KOUSAKA

マッチ工場の少女のKOUSAKAのネタバレレビュー・内容・結末

マッチ工場の少女(1990年製作の映画)
3.8

このレビューはネタバレを含みます

アキ・カウリスマキ監督の最新作『枯れ葉』がすごく良かったので、遅まきながら過去作を勉強しています。

イリスがマッチ工場に勤めているのに、アールネはライターを使ってたから「2人の相性が悪い」という事を示す象徴なのかと思っていました。でも終盤ではマッチを使っていたのを発見!もしかして上手くいくのかと思いきや、それどころか・・。

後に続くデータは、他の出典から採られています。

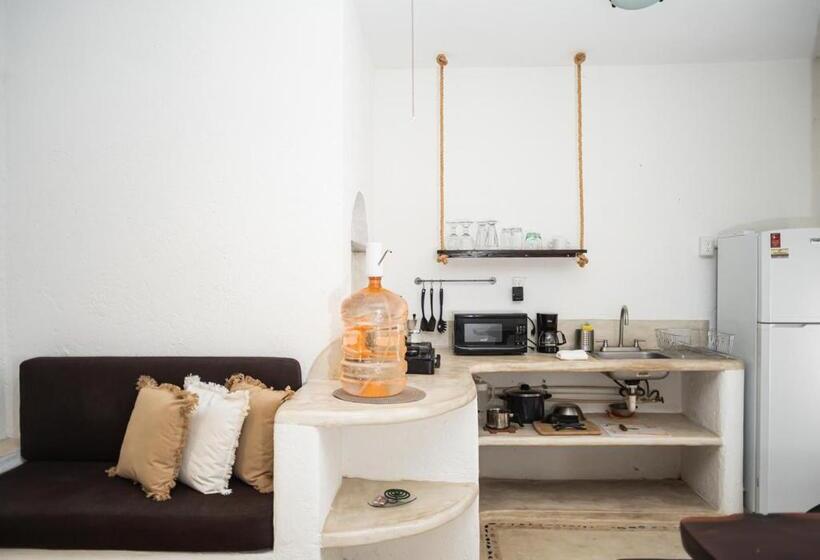 استودیوی استاندارد, Villa Los Mangles Boutique
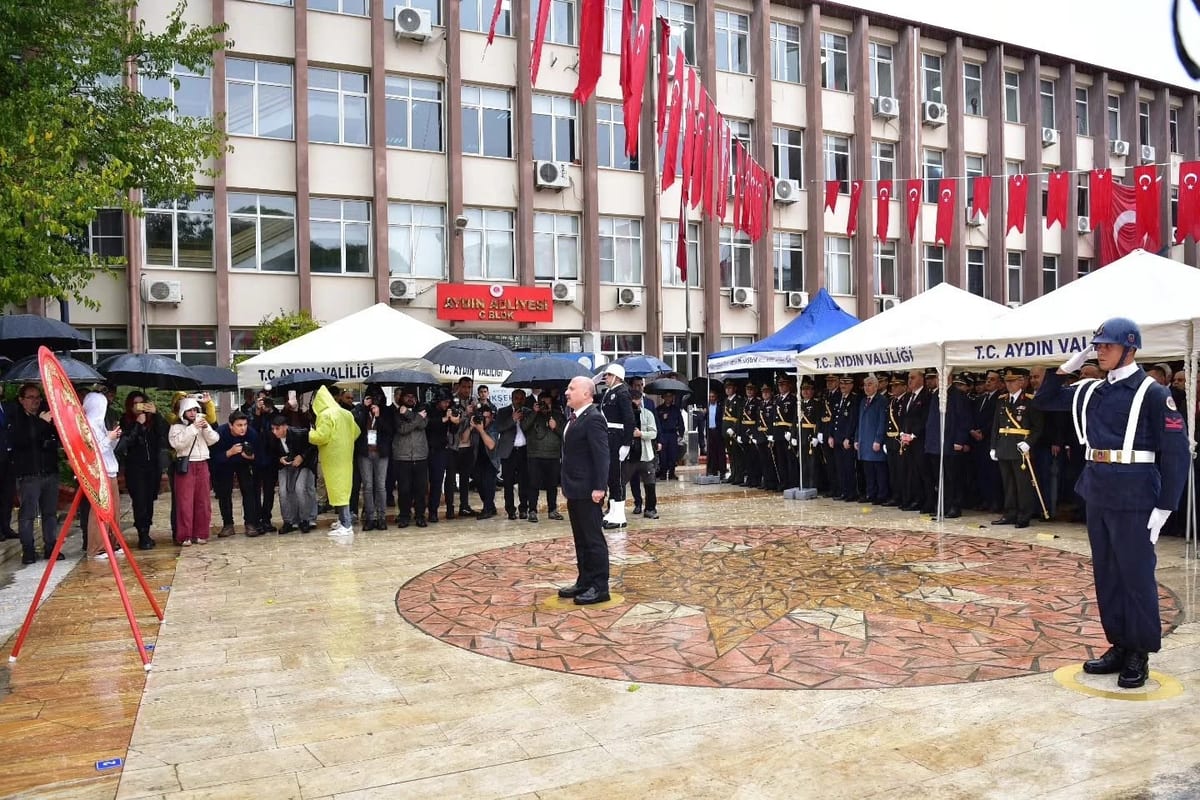 Aydın'da Cumhuriyet Bayramı'nın 103. yılı çelenk sunumuyla kutlandı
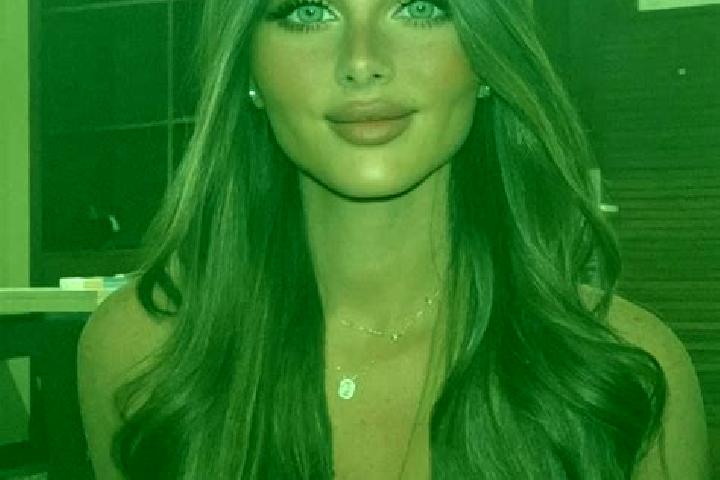 Layla, 26, a brunette amber-eyed mixed companion based in Soledad Morelos. Offering A-Level, Couples, GFE. Available for incall and outcall, day and evening ...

ラストはイリスが警察に連行されていくシーン、その後も工場の奥の方では男性が淡々と作業をしているところをカメラは冷徹に映し続ける。絶望的なラストでした。

今作を鑑賞して、『枯れ葉』との共通点がすごく多いなと感じました。

一庶民の男女の出会いと恋の行方を描いているという点はもちろんのこと、社会情勢を伝えるラジオ(ここでは天安門事件やホメイニ死去のニュースなど)や、工場内の労働や作業の様子を淡々と映し出すカメラ、そしてダンスホールの生演奏(『枯れ葉』ではカラオケバー)、そして突如流れるロックンロールなどなど、共通のモチーフがめちゃくちゃ多い😵勉強になりました。

類似点が多いからこそ今作が絶望的なラストを迎える一方で、一度は引退を宣言したカウリマスキ監督が作った最新作『枯れ葉』では、敢えてラストをハッピーエンドにしたというところに、カウリスマキ監督の現代社会に対する憂いの気持ちや、こうなって欲しいという祈りのような思いがより強くなっているのではとも感じました。